Killing Eve's Fiona Shaw Was "Very Disturbed" by the Season 3 Finale

Photo credit: Laura Radford/BBCAmerica/Sid Gentle
Photo credit: Laura Radford/BBCAmerica/Sid Gentle

From Harper's BAZAAR

Warning: Spoilers for Killing Eve ahead.

In Season 3 of Killing Eve, Carolyn Martens is at her most vulnerable. The icy head of MI6’s Russia desk, played masterfully by Fiona Shaw with razor-sharp deadpan humor, loses her son, gets an insolent new boss, and is pressed by her overly emotional daughter to start sharing her feelings. For Carolyn, she’s in new, sensitive territory, but for Shaw, the changes were “inevitable.”

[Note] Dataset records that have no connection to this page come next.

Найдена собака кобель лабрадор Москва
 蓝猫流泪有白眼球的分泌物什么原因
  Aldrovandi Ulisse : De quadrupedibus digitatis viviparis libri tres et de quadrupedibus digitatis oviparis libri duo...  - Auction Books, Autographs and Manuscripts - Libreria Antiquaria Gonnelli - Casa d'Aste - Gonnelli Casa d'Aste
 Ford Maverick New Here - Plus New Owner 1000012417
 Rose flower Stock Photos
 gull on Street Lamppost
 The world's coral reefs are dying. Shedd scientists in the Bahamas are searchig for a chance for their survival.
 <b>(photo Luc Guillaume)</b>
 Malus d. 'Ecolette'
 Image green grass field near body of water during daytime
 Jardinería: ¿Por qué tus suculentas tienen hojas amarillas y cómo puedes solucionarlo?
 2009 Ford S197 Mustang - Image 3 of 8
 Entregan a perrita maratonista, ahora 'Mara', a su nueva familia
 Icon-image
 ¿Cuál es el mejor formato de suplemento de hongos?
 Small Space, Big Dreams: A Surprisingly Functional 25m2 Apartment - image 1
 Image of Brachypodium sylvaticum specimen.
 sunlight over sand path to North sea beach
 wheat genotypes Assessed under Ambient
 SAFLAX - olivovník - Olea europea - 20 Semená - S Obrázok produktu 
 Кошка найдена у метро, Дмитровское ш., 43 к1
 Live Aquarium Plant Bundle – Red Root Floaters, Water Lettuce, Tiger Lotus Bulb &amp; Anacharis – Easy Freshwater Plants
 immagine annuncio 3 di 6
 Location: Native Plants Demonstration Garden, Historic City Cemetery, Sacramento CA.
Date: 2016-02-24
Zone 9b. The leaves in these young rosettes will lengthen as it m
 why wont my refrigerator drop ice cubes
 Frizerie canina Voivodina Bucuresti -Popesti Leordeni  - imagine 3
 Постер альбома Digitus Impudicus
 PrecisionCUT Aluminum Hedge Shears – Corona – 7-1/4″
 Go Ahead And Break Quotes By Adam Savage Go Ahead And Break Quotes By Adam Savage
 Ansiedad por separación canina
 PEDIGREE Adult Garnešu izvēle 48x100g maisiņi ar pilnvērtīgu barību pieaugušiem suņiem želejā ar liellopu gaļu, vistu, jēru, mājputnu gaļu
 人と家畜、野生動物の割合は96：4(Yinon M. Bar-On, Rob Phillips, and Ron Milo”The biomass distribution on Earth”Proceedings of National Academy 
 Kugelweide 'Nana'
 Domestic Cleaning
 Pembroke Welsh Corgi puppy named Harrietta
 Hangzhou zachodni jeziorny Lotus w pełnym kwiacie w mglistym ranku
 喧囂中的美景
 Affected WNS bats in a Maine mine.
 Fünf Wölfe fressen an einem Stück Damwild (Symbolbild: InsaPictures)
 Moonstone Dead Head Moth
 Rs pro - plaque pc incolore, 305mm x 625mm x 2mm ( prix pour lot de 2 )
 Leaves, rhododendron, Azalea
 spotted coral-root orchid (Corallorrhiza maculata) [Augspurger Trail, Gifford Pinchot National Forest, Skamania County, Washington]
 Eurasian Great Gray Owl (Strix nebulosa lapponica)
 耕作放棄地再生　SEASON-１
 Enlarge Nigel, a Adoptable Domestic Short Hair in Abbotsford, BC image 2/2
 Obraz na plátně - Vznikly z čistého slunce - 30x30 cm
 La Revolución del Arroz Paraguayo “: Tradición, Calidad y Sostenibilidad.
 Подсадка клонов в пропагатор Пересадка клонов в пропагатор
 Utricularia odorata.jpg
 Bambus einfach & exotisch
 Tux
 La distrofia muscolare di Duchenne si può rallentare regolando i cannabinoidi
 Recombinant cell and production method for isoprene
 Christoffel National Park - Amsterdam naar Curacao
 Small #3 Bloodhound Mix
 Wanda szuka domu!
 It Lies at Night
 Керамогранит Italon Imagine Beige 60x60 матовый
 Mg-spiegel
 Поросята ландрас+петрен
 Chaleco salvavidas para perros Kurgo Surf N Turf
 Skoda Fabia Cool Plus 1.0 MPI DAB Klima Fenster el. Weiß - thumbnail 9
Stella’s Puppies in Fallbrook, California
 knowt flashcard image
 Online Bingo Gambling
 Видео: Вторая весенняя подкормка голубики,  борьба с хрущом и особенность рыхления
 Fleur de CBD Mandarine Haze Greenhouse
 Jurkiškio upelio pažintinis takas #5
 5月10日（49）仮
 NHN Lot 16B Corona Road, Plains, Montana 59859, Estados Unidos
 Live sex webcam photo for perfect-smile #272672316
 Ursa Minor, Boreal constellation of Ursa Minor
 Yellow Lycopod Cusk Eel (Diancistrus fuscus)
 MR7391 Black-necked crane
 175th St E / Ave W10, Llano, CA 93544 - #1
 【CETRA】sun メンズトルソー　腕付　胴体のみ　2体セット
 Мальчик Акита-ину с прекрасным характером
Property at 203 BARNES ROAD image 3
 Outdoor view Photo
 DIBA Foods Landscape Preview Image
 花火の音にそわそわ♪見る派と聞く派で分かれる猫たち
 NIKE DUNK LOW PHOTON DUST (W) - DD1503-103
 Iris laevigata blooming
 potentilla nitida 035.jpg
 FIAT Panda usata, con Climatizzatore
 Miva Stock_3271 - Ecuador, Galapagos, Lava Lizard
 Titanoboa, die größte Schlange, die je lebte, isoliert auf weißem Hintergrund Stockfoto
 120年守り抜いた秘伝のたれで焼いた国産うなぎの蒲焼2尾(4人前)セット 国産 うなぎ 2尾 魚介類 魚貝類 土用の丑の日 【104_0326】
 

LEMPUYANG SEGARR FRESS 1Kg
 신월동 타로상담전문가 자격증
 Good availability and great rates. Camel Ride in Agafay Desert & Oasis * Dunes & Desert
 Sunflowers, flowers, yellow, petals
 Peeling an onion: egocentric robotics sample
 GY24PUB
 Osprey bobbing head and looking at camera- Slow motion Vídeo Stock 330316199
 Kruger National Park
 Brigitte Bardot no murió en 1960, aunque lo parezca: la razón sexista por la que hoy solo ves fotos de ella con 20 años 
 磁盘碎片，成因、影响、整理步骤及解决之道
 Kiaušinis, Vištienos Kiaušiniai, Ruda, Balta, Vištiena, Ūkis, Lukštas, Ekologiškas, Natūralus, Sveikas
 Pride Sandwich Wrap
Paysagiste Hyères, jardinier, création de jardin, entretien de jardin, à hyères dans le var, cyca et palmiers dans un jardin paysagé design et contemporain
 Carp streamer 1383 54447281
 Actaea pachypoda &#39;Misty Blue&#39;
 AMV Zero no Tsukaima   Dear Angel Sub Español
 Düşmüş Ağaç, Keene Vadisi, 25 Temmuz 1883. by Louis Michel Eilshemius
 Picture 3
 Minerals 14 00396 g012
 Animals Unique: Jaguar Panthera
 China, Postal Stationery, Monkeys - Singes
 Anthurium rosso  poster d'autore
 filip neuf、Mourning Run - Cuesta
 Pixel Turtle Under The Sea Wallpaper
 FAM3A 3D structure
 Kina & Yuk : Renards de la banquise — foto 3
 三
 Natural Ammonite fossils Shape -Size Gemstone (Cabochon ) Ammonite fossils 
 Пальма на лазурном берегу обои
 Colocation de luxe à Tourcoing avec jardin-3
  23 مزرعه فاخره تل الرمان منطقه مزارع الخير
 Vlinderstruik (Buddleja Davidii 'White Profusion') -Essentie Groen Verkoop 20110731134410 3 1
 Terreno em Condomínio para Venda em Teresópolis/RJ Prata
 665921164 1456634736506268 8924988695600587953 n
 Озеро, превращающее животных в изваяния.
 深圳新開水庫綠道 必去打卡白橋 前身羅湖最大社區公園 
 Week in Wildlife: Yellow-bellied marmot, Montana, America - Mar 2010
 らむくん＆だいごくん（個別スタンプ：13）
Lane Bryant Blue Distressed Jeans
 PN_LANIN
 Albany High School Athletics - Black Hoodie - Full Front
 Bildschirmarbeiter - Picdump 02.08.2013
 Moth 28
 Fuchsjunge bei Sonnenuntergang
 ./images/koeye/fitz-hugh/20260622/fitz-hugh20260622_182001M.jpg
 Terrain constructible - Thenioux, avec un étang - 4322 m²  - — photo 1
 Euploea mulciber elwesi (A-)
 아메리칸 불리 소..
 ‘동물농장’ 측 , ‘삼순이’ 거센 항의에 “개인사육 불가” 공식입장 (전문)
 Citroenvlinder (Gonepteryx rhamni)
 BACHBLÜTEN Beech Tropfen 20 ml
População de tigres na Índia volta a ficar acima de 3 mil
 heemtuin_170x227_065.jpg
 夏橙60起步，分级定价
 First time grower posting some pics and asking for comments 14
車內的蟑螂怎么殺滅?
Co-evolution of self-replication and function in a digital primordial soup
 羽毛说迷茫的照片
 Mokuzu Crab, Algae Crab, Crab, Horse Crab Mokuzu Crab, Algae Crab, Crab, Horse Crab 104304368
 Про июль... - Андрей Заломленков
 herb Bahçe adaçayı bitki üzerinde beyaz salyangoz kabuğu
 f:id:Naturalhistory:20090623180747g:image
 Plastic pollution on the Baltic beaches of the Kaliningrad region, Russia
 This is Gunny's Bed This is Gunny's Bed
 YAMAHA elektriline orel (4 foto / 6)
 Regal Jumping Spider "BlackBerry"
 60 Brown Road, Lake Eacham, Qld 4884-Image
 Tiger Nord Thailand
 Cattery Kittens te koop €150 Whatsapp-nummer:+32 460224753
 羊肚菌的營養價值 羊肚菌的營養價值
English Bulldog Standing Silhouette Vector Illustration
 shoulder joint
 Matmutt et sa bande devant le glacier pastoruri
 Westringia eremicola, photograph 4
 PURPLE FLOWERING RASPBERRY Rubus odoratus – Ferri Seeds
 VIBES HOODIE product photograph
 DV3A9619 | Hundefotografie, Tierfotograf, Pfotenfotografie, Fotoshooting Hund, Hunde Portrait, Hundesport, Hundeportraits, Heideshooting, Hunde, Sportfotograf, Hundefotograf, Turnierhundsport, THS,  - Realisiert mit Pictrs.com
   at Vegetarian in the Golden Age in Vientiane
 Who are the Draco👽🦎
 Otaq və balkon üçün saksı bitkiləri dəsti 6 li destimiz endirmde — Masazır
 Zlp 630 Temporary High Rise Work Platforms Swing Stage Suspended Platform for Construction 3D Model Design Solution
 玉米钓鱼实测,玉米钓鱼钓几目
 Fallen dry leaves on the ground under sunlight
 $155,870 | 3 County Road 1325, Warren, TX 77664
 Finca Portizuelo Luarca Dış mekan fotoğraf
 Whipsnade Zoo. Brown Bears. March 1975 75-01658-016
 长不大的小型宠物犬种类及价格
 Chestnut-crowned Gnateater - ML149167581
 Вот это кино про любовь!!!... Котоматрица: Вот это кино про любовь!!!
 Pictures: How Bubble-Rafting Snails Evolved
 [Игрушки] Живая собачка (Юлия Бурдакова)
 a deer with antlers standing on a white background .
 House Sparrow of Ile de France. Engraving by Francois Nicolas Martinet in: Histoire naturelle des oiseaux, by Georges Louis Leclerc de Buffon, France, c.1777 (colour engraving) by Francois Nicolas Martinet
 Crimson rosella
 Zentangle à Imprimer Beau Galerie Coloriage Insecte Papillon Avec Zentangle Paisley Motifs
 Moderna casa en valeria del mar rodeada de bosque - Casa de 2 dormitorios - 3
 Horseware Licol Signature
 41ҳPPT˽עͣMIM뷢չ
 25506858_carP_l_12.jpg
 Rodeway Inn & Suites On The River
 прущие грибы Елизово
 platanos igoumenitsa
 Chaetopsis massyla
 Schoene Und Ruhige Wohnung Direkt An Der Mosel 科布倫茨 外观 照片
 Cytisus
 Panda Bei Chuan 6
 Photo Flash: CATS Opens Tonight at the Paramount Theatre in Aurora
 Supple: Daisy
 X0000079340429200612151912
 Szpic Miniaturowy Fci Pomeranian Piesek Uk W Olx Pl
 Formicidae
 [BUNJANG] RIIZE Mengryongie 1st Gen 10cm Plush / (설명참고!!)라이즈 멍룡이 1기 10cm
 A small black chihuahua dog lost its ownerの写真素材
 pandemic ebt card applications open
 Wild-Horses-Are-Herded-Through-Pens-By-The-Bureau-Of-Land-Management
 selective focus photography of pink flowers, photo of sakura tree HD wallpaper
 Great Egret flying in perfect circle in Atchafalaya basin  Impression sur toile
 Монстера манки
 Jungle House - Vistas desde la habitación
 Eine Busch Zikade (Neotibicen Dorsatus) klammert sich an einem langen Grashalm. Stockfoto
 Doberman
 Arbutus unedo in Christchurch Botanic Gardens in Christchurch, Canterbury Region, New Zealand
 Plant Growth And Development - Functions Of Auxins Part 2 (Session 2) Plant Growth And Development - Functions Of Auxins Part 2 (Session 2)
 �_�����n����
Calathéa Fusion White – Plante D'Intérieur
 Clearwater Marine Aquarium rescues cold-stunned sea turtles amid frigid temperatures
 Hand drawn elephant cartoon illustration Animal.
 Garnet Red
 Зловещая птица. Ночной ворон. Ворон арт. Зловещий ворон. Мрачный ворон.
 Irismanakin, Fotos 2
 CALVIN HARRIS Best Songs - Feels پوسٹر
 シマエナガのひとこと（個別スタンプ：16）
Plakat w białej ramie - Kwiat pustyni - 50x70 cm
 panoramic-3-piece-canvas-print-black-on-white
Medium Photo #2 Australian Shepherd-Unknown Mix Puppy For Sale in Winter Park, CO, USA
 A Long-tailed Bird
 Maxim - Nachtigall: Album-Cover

“Where Carolyn’s strengths have done something that the audience have been enjoying, it was inevitable that we would challenge that and see her weakness,” she tells BAZAAR.com. “And there’s nothing like a personal tragedy to make a person no longer use the usual defenses or the usual powers that they have. I mean, it’s a very human thing. […] But I hope [this season] deepens the understanding of her and lets the audience get to know her more domestically and more complicatedly, that her stellar brain normally would solve everything can’t solve this.”

Carolyn seems unruffled throughout the season’s eight episodes, but she deals with her grief in her own way: by investigating the death of her son, Kenny Stowton (Sean Delaney). In the first episode of Season 3, Kenny plunges to his death from the roof of his office building, which sparks conspiracy theories about his possible murder. He was investigating The Twelve, the assassination organization that employs killer Villanelle (Jodie Comer) and her handler, Konstantin (Kim Bodnia), and discovered that someone was stealing money from the organization—was he killed by the secret thief?

In the finale, Carolyn holds a loaded gun to both Konstantin, who was the one stealing the money, and her new boss, Paul Bradwell, who turns out to be one of The Twelve. Konstantin was present when Kenny died, but with Carolyn’s weapon to his head, he explains that he was warning Kenny to stay out of The Twelve’s business to protect his safety. Kenny had just stepped back in fear and accidentally fell off the roof. Carolyn pulls the trigger but kills Paul instead, shocking Eve Polastri (Sandra Oh) and Villanelle—and viewers too.

“I don’t believe Carolyn ever killed anyone,” Shaw says. Sure, the MI6 agent has overseen and perhaps witnessed killings as part of her job, but the actress thought it would be “a long time” before we’d see her character take a life. “I was very disturbed by it, because I really didn’t think of Carolyn as a killer. I hope the audience didn’t either.”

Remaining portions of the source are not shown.